Her lips moved. She took a step forward, and the bird advanced. "Glory be to God!" she whispered, "It'll show me the way!"

She never took her aching eyes for one second from the wonderful white thing. She scorned to watch the ground. With a magnificent faith she walked, her head lifted, her heart too full to know if she stumbled. In the clear places, always where there were no branches, the white guide flew and Harriet walked after with her staff. A few moments took them out of the wood, but she never looked for the house. In the full glare of day, against the blue, the bird looked only snowier, and to her dazzled, burning eyes the aureole grew only brighter and bigger. She could not see its wings move; it hovered steadily and floated serenely upon the clear air, and the old woman saw it, and it only.

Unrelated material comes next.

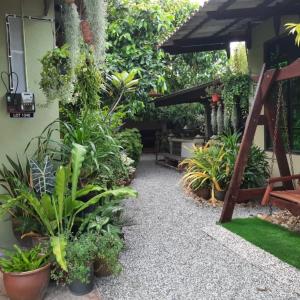 a garden with a bunch of plants and a bench at Hidden Homestay in Marang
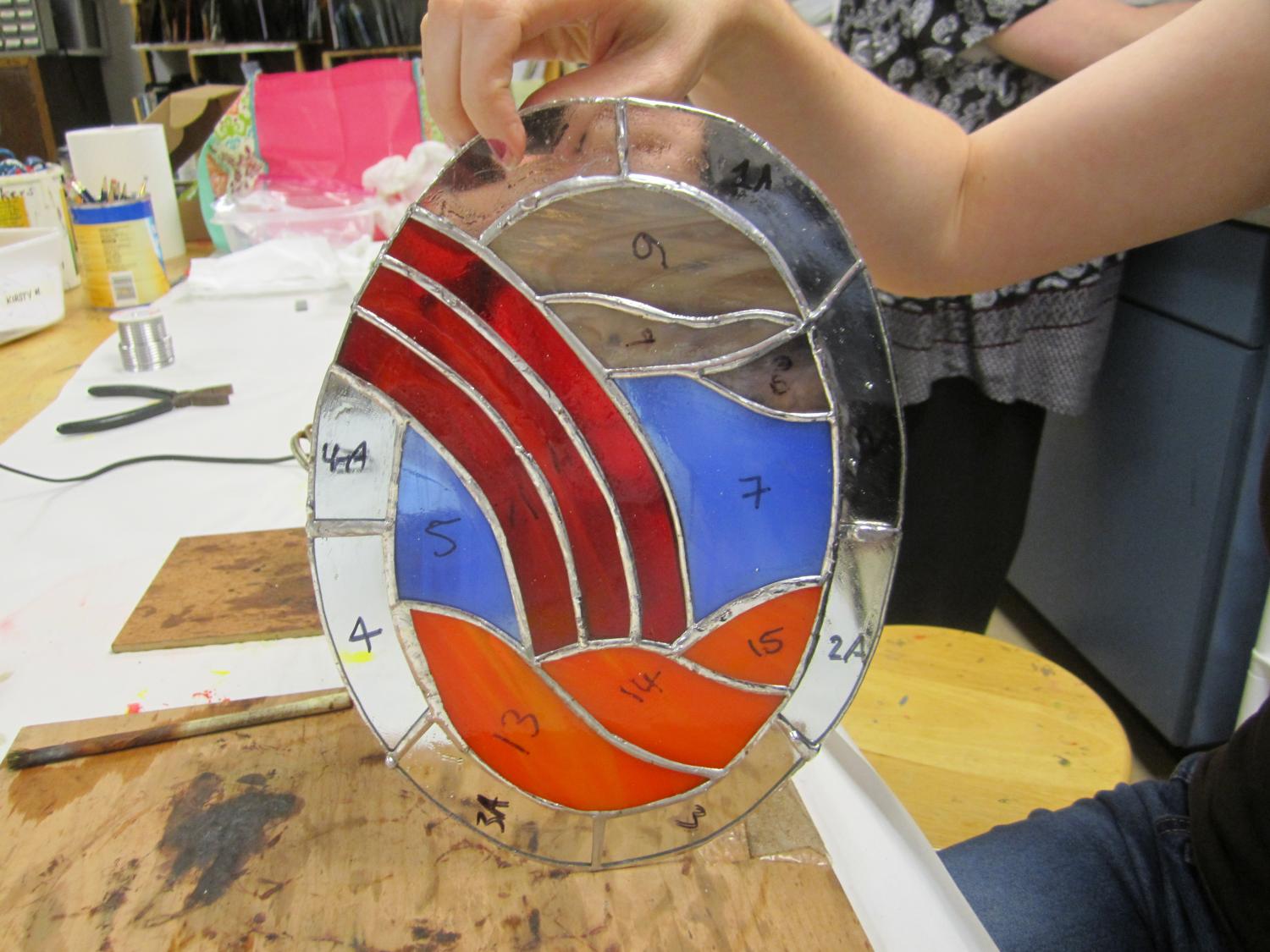 student holding up a stained glass project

She did not see the anxious crowd on the porch, she did not hear their exclamations, she did not know that her lips were moving, that her voice, low, husky, but distinguishable, repeated over and over, almost mechanically: "Forgive me, Lord! forgive me, Lord! O Lord, forgive me!"

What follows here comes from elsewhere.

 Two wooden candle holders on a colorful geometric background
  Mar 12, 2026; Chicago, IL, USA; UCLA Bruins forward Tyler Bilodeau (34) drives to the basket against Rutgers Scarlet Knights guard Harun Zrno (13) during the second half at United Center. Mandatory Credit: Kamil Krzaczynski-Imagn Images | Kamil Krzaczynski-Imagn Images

She only followed, followed with all her heart and soul and strength, up the little hill, up the path, up to the porch, a strange, shaking pilgrim, leaning heavily on her staff, guided by the white pigeon.

On the steps they received her, and as she sank on the lowest, they caught her, falling. Her almost sightless eyes were yet uplifted, and while to their view the dove dropped down among its mates, a patch among the white, to her it was mingled with the summer blue, and vanished in the sky whence it came.

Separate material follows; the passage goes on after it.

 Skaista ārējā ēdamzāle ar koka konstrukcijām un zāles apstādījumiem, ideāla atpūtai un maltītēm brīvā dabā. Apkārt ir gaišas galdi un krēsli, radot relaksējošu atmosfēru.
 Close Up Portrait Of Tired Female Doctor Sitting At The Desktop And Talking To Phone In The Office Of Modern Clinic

Her body was utterly exhausted, but her spirit could not yet lose its consciousness. On the wave of her exaltation she rose higher and higher. She looked at them with a look they had never seen in any human being.

"I'm saved! I'm saved!" she cried.

They watched her, silent, terrified, awed beyond words at this redemption they could only feel but could not understand. But as they stared, her eyes glazed, her head fell back against the matron's arm.

"Pray! pray!" she whispered. The pastor looked at her and steadied himself. Wonder and a sense of strength flowed in on him suddenly. But there was scant time for prayer. Though the light in her face had not yet died away, her breath was scarcely moving. He came near her and repeated gently the hymn she had in the time of her trouble disowned, but which she had always loved:

"Praise God from whom all blessings flow,
Praise Him all creatures here below,
Praise Him above ye heavenly host——"

Her eyes opened and looked wide into the blue; what she saw there they did not know, but she smiled faintly.

"Praise Father, Son, and Holy Ghost!"

"Oh, yes! Oh, yes!" the matron guessed that she murmured; and with the cooing and clucking of pigeons sounding through the summer air, she died.

A white, arrow-swift creature whirred through the stillness, up, up, and out in a great proud curve; their eyes were too dim to know if it turned again to the earth.